Allerdings, die Skulptur wird 50.000 Euro kosten, wovon 20.000 Indien zahlt und 30.000 Hannover – für den Granitsockel. Darüber gibt es Streit. Ein einfacher Betonsockel reiche, meinten einige Politiker, andere sprachen von einer „durchgeknallten Entscheidung“. Wieder andere fanden, man solle von dem Geld Hannovers marode Schultoiletten sanieren. Auch von einem Kriterienkatalog für den künftigen Umgang mit Gastgeschenken war die Rede.

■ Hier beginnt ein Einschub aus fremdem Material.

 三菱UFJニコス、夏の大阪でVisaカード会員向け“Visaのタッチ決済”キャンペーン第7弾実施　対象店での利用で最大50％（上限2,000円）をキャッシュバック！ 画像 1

Genützt hat es wenig: Der Rat stimmte geschlossen für die Skulptur; einziges Zugeständnis: Sie wird nicht prominent auf dem Opernplatz stehen, sondern im Maschpark. Dort wird sie am 12. April – einen Tag vor Eröffnung der Hannover Messe – Indiens Premierminister Narendra Modi enthüllen.
Ein paar PR-trächtige Gandhi-Fotos mit Hannover-Silhouette bringt das allemal. Mehr aber auch nicht, denn der kapitalismusfreundliche Kontext passt denkbar schlecht zur Botschaft des Asketen Gandhi. Von dieser Kluft zeugt auch das begleitende hilflos-folkloristische Kulturprogramm mit Indisch-Kochen, Indisch-Tanzen und so.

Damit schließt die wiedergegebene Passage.